For any natural number $n>1$, there exists some prime $p$ such that $$n<p<2n$$

This ensures that for all primes $p_n$, its successor, $p_{n+1}$, must fall within the range $p_n<p_{n+1}<2p_n$. If you do not understand why that is, think about $p_n$ as a natural number. By Bertrand's postulate there must exist a prime greater than $p_n$ but less than $2p_n$. This garuntees the existence of a prime $p_{n+k}$ such that $p_n<p_{n+k}<2p_n$. As such, $p_{n+1} \leq p_{n+k}$ and hence must lie in this range as well.

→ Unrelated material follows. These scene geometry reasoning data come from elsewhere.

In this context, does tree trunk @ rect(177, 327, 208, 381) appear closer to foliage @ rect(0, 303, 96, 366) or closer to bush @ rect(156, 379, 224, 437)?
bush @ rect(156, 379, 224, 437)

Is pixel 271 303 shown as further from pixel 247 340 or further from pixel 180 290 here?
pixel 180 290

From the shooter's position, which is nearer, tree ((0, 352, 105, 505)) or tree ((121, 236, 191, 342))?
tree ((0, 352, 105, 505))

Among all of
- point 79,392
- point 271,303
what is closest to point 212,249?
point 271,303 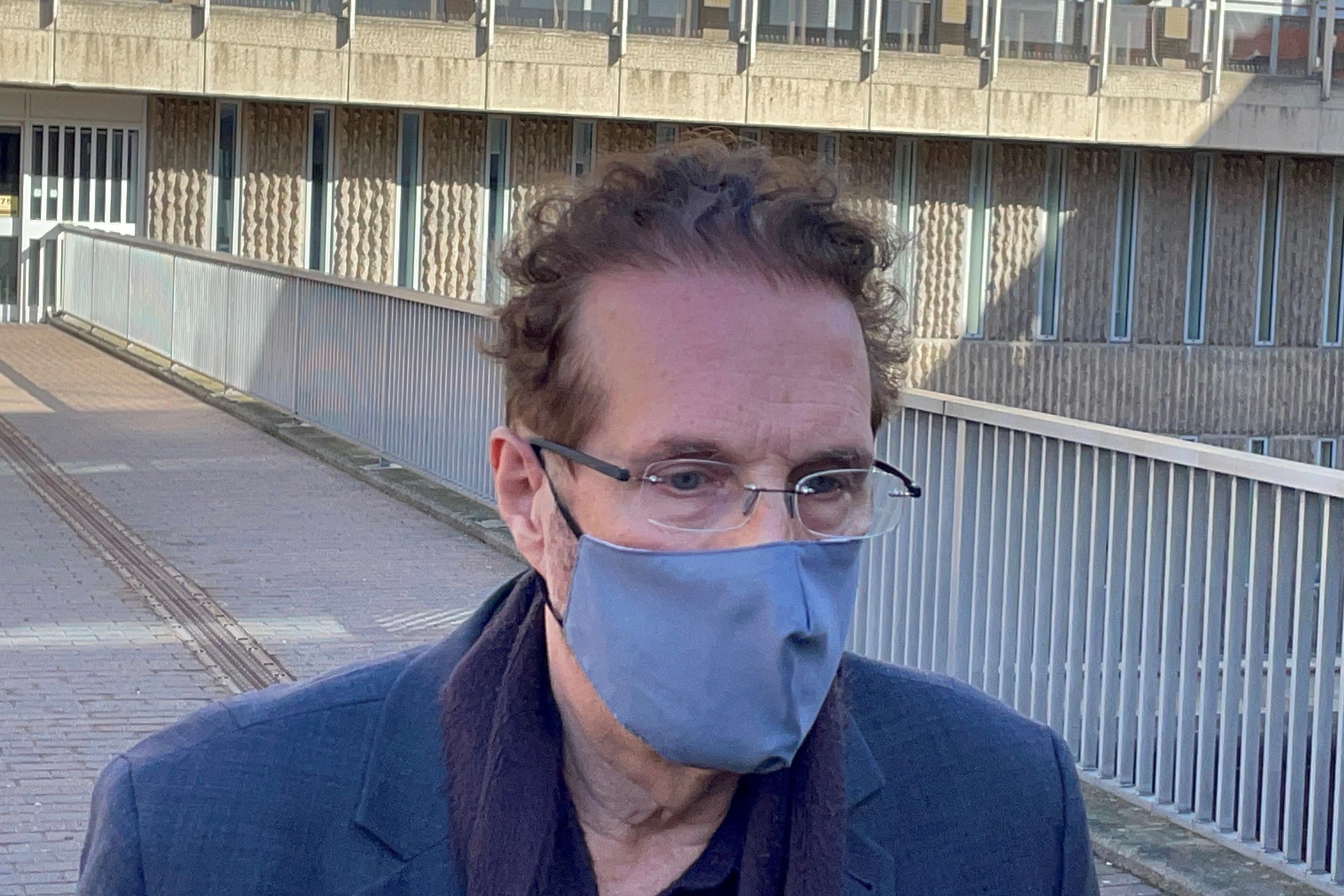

The proof of Bertrand's postulate is quite long. If you wish to see one, I would recommend Erdös' elementary proof. Particularly, the following paper by Michael Tang presents the proof in a fashion particularly easy to follow if you have little background in number theory. http://services.artofproblemsolving.com/download.php?id=YXR0YWNobWVudHMvNy8yLzcyZTgyOGRhZDgxMmQ5MTY0ODIwOTJjZTUyZWQ0OWI4ZjIzYWVmLnBkZg==&rn=QmVydHJhbmQucGRm

Although I do not believe that this was your original intention, I will now address the link between this problem and the Goldbach Conjecture. You are correct when you say that the existence of a prime $p$ whose successor is larger than $2p$ would disprove the Goldbach conjecture. In fact, there exists a deeper link between Bertrand's postulate and the strong Goldbach conjecture. The Goldbach conjecture implies Bertrand's postulate. A proof of this can be found here. https://proofwiki.org/wiki/Goldbach_implies_Bertrand

However, although Goldbach's conjecture implies Bertrand's postulate, this does not work the other way around. That is, Bertrand's postulate does not imply the Goldbach conjecture (otherwise the Goldbach conjecture would be proven).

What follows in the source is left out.